14-04-2004, 07:45 AM
Veggie boy - I seem to remember that raised edges are supposed to work well in giving habitat to frogs and at the same time disadvantaging the cane toad. may be that the frogs, having spawned in the pond can jump high over the edge, whereas toads have more of a horizontal leap and would just keep hitting the sides... but this is just speculation on my part. If this is true, your idea of a cutoff 55 gallon drum would work well. You could dig your hole and set the drum in there with the edge protruding at whatever the anti-toad height is supposed to be... You could use some of the excavated dirt to build up around the outside to hide the drum. maybe some rocks and plants to finish it off.
I have cut the tops of plastic drums and the problem I've had is that without the "top ring" to hold the drum in shape it has collapsed and gone all pear shaped. A metal drum would avoid this problem, but then you'd have rust to contend with and you'd have to smooth the rough edge I guess. You could just cut the inside of the top of your plastic drum out, but then you'd have a very deep pond (which in itself isn't necessarily bad thing, as far as I know) and you'd have to dig quite a shaft to sink it...
Bathtubs make good ponds, with a bit of plumbing you can direct the water where you want...
let us know what you come up with, eh?
14-04-2004, 03:34 PM
I am a bit more fortunate by having quite a few Tree Frogs all around my property. I will share what i know and has been successful for me.
I don't have any ponds yet have over 20 on my front deck and around my back door. Mine live in the down pipes and in the water tanks. I am sure i wouldnt have as many in the front if i didnt provide ceramic water dishes for the dry periods.(we have had only 2mm of rain in 6 weeks now). The frogs get used to whats there. At first i would pick up some of the really brown frogs(the dehydrated ones) and sit them in the water dish. Now they go in there by themselves and live in the large pots near the dishes.
Northey Street City Farm have a couple of frog ponds there that discourage Cane toads setting up shop and dead easy to build and cheap. As has been said toads can only jump a certain height, whereas tree frogs can climb and jump higher. We have an old bath tub under a Loquat tree out the bag but no frogs as there are a few small fish in there that eat the eggs.... there are frog egg friendly fish that you can find though.
The deal with the water is to keep the temperature under 26C or better in some shade as toads need the water to be the right termperature to breed and frogs like a sheltered relatively cool situation as they sleep mostly during the day.

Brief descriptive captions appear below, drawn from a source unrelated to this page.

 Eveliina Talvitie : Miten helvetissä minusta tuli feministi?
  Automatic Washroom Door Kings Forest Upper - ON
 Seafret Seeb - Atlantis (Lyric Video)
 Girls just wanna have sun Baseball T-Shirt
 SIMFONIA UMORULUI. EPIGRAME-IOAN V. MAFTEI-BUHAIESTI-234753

I just love to think what the cute little critters are doing to the bug population in my garden.... i call em my night crew that clock in when the good bugs go to sleep and the bad bugs come out to play.
Hope this helps a bit....
15-04-2004, 09:59 AM
Whatever habitat you decide to create (I did iris in a bog garden.) just remember one thing - remember not to build it outside your bedroom window... (Ask me how I know.)
15-04-2004, 10:36 AM
The quickest way I've found to make a pond is to dig a hole and put a double layer lining of plastic in it. It needs to be shaded because otherwise the black plastic will make the water get too hot, but I've made one and put some little fish from the dam in it, and under the shade of some giant zucchini leaves most of the fish survived the heatwaves we had earlier in the year. The heat did accelerate the growth of algae etc, so just recently we replaced it with a large terra-cotta bowl about 80 cm wide and 40 deep, cheap from Bunnings. The other good thing to do is to get one of those little solar garden lamps, which are pretty useless as far as light for us goes, but enough to draw some moths and other insects which then provide a feast for the frogs.

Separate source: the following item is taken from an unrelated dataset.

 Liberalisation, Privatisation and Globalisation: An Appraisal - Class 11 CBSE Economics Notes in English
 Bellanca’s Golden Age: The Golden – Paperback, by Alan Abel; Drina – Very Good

On another subject, Rob, I'd like to hear more about your bog garden, as we have a boggy patch above a dam, and it's in a prominent position down the hill from our front verandah. I've thought for a while that some sort of water garden would be nice, but haven't got a clear idea of it yet. BTW, it's nice to see you talked of Irises - one thing that I think seems to be missing in permaculture is the esthtics of gardening. Beautiful flowering plants that please the eye (and perhaps the nose) should not be ruled out as being non-functional since non-food producing. To be hard-line about everything we put in providing food, or doing something like encouraging friends or discouraging non-friends IN ORDER TO favour food production, seems to me to reduce the richness of our relationship with the natural world around us. Beauty for its own sake has a place in our world, and will be 'giving value' at different levels in our universe. (Of course, we should still bear in mind a plant's compatibility with the climate and local environment, and go for those plants which are self-maintaining as much as poss.)
That's my 6-penceworth for this morning,
16-04-2004, 11:53 AM
There was a big patch of sticky clay soil outside our bedroom window... I dug a big hole in it and filled it with water. Despite being on a slope, the water just didn't go away, so I figured it would be a good bog garden area. I filled the hole with a soil/manure mixture and planted Lousiana iris in it. The spouse built me a bridge/walkway over it and now the iris's are so thick you can't see a bit of ground/water in there. I know there are frogs in there. I also planted arum lillies. Yes, I know they can be an environmental pest, but I don't chuck weeds or excess plants about. Anyway, the iris's out competed them, and although they are still in there and are alive, they are stunted and have never flowered. The iris's are a picture in full flower.
This bog garden is not very big, and I wish I had made it much bigger. Our problem is no flat ground. If I did it again I would make it much bigger and line it.
17-04-2004, 12:40 AM
I have a lovely photo which I could email to anyone interested, of my friend's bathtub pond. There's so much stuff in there that the tadpoles have plenty of protection from flying preditors.
My own pond is made from a lovely old concrete laundry trough. It was here when we moved in as the previous owners were very environmentally conscious (spelling?) and had set up quite a few lovely things in the garden. I don't have any pics of that one though.
Most of the books I have read suggest building a pond out of an old tyre which is a great way to recycle, especially if you can get quite a big one.
A few people I know have had trouble with pond liners getting holes in them and leaking. Then you need to dismantle the whole thing just to repair it. The secret is to lay a smooth base with packing sand or the like so you don't get any jagged items pressing against the liner.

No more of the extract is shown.